Shortlisted for the Orange Prize, but that doesn't guarantee anything: I found it rather disappointing, a cross between the creative language (well, idiom and dialect) of True History of the Kelly Gang and the tortuous moral windings of The Crimson Petal and the White.
Bessy, the narrator, finds herself employed as a maid at Castle Haivers -- disappointingly, not a castle at all but a mansion house -- on the strength of her literacy: she read the sign and asked where the castle might be. The master of the house is currently absent, and the household is run by Mrs Arabella Reid, who has some strange ideas about maidservants and their place in life. Bessy is asked to keep a journal; to sit and stand, sit and stand, over and over; and, most perplexingly, 'What are you thinking of?' "What a thing to say," says Bessy. "In my entire life, no-body had ever asked me such a question."

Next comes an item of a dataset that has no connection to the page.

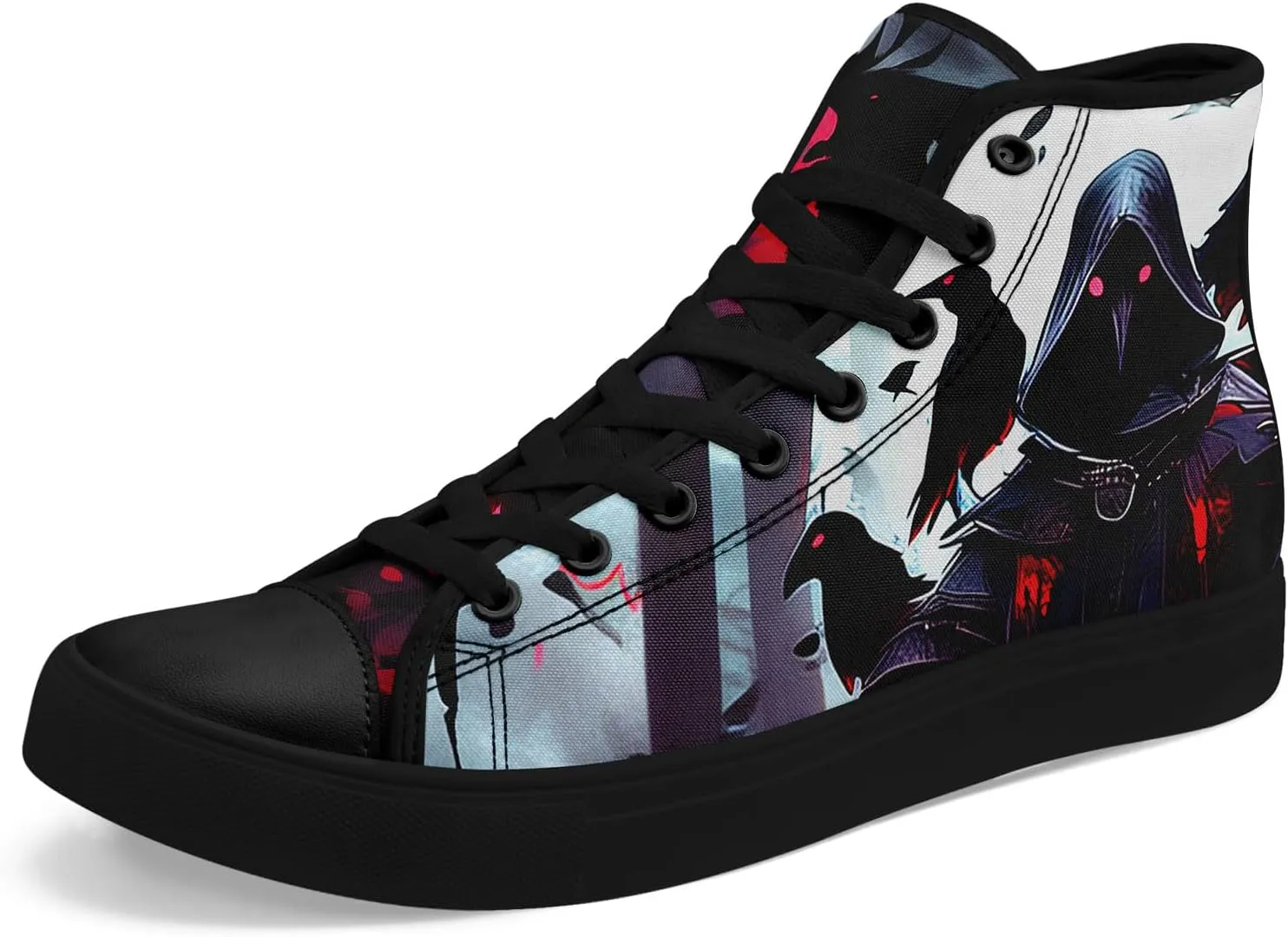 Unisex Skull Shoes High Tops Canvas Sneaker Classic Lace Up Fashion Shoes Casual Flat Walking Shoes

Perhaps it's that lack of interest from the outside world that keeps Bessy close-mouthed even in her thoughts. Only gradually -- and via her discovery of Mrs Reid's Observations on the Habits and Nature of the Domestic Class in My Time, a series of psycho-social profiles of the maids who've worked for the Reids before -- does Bessy's past come to light. 'A Low Prostitute', as Mrs Reid has it and as we maybe should have guessed from the yellow silk dress she was wearing on the road, that attracted such attention from the vexingly-dialogued Hector. ("I fwhill be coming with you, hand you can be making me dinner. Hand hafterwards fwhee can be making a baby.")
Anyway, Bessy's not used to the role of maidservant, and when she finds that Mrs Reid's discovered her past, and that she's being unfavourably compared to Nora, a previous maid who died under mysterious circumstances ... well, any girl of spirit would want her revenge. SO Bessy sets out to construct a Victorian ghost story ...

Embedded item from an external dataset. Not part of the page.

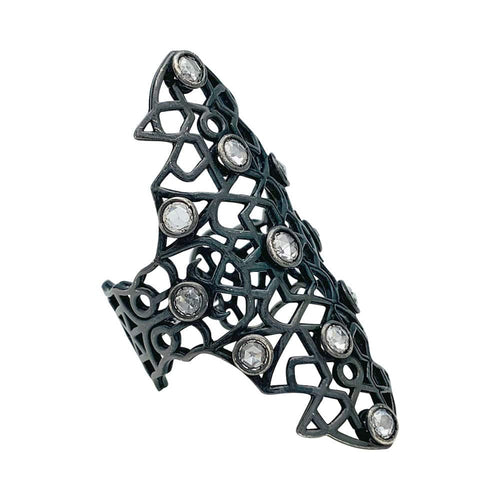 Bague 57 Bague Repossi "Maure" en or noirci et diamants. 58 Facettes 31321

Bessy's past, though she's tried to leave it behind her, creeps insidiously into her present. There are hints of inappropriate attraction, relapses ... and the reappearance of her mother, drawn by a ballad that Bessy composed and which has been published by a local gentleman under his own name. And there's Nora's ghost, not the glove-moving and message-leaving presence that Bessy engineers, but the shadow of a sweet and gentle girl who met an undeserved fate.

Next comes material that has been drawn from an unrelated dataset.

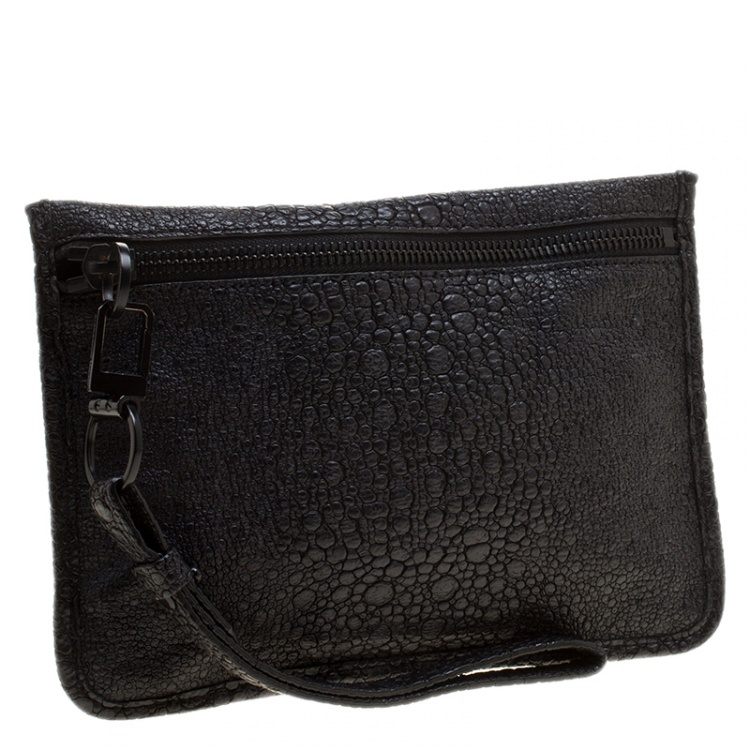 Pre Owned Alexander Wang Black Embossed Leather Prima Wristlet Pouch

All comes out neatly in the end, with reversed roles, innocent crimes, unwed mothers, guilty consciences, disbelieved truths and lies with far-reaching effects. And the prose is very readable: Bessy has a colourful turn of phrase and a distinctive voice. It's hard to say why I didn't enjoy this book as much as I'd expected. Perhaps it's simply that I didn't like any of the characters. Perhaps that neat ending rings a little false, with some loose ends -- mostly the men, who Bessy has little time for and one can see her point -- left to fray.